Returns hyperparameters informations

partitioning(use_partitions, update_with_test=False)[source]

Handle the partitioning system to use and reset the model to perform new evaluations

Parameters

use_partitions: True if train/set partitioning is needed, False

otherwise

update_with_test: True if the model should be updated with the test set,

False otherwise

train_model(dataset, hyperparameters=None, top_words=10)[source]

Train the model and return output

Parameters

dataset : dataset to use to build the model hyperparameters : hyperparameters to build the model top_words : if greather than 0 returns the most significant words

for each topic in the output Default True

Returns

resultdictionary with up to 3 entries,

‘topics’, ‘topic-word-matrix’ and ‘topic-document-matrix’

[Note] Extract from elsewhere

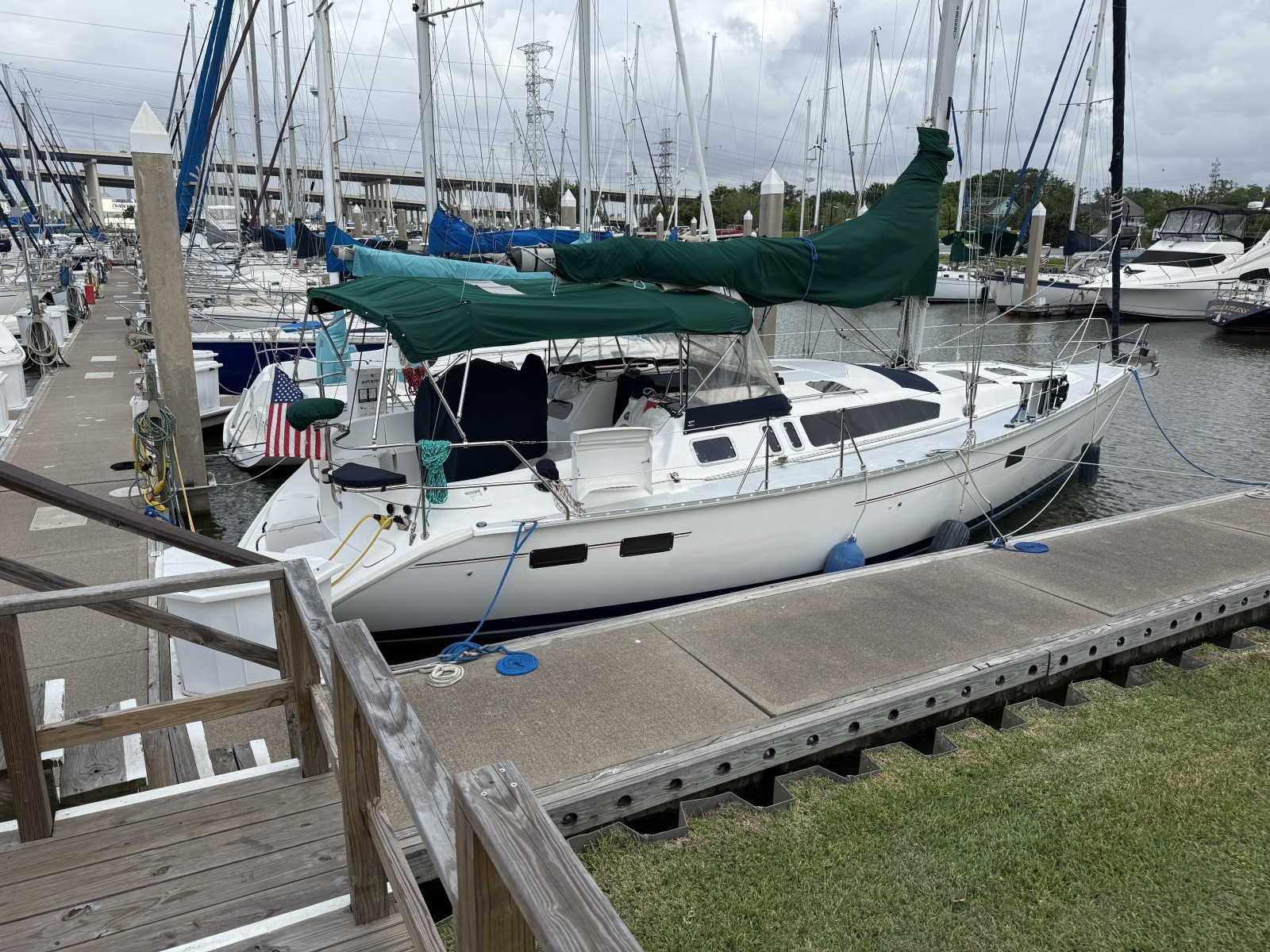 Grateful Too 40ft Hunter Yacht For Sale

class octis.models.CTM.CTM(num_topics=10, model_type='prodLDA', activation='softplus', dropout=0.2, learn_priors=True, batch_size=64, lr=0.002, momentum=0.99, solver='adam', num_epochs=100, reduce_on_plateau=False, prior_mean=0.0, prior_variance=None, num_layers=2, num_neurons=100, seed=None, use_partitions=True, num_samples=10, inference_type='zeroshot', bert_path='', bert_model='bert-base-nli-mean-tokens')[source]
train_model(dataset, hyperparameters=None, top_words=10)[source]

trains CTM model

Parameters:
  • dataset – octis Dataset for training the model

  • hyperparameters – dict, with optionally) the following information:

  • top_words – number of top-n words of the topics (default 10)

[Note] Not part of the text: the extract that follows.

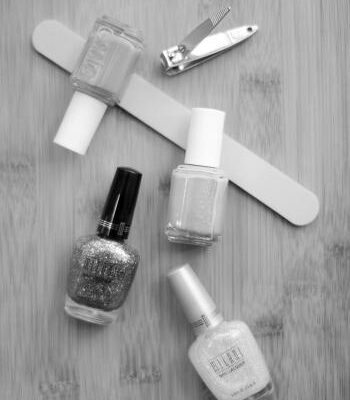 Is it possible for nail polish to reduce the growth of nails? image 0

class octis.models.ETM.ETM(num_topics=10, num_epochs=100, t_hidden_size=800, rho_size=300, embedding_size=300, activation='relu', dropout=0.5, lr=0.005, optimizer='adam', batch_size=128, clip=0.0, wdecay=1.2e-06, bow_norm=1, device='cpu', train_embeddings=True, embeddings_path=None, embeddings_type='pickle', binary_embeddings=True, headerless_embeddings=False, use_partitions=True)[source]
train_model(dataset, hyperparameters=None, top_words=10, op_path='checkpoint.pt')[source]

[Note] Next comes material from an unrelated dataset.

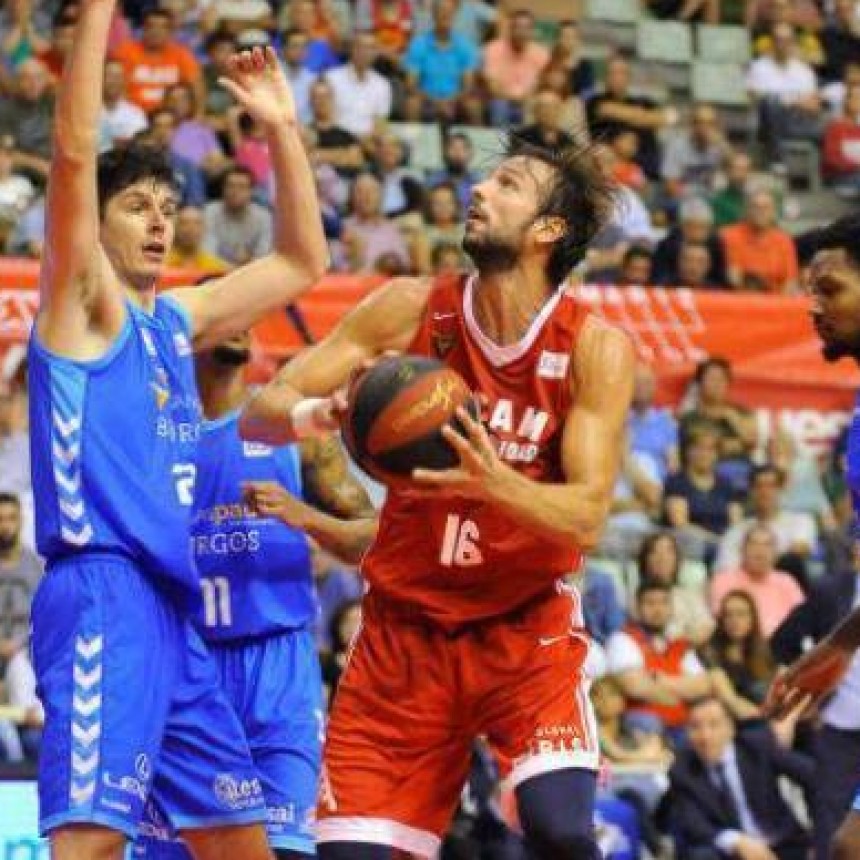 El Ucam Murcia de Marcos Delía logró su primera victoria liguera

Train the model. :param dataset: Dataset :param hyperparameters: dictionary in the form {hyperparameter name: value} :param top_words: number of top significant words for each topic (default: 10)

Return model_output:

a dictionary containing up to 4 keys: topics, topic-word-matrix,

topic-document-matrix, test-topic-document-matrix. topics is the list of the most significant words for each topic (list of lists of strings). topic-word-matrix is the matrix (num topics x ||vocabulary||) containing the probabilities of a word in a given topic. topic-document-matrix is the matrix (||topics|| x ||training documents||) containing the probabilities of the topics in a given training document. test-topic-document-matrix is the matrix (||topics|| x ||testing documents||) containing the probabilities of the topics in a given testing document.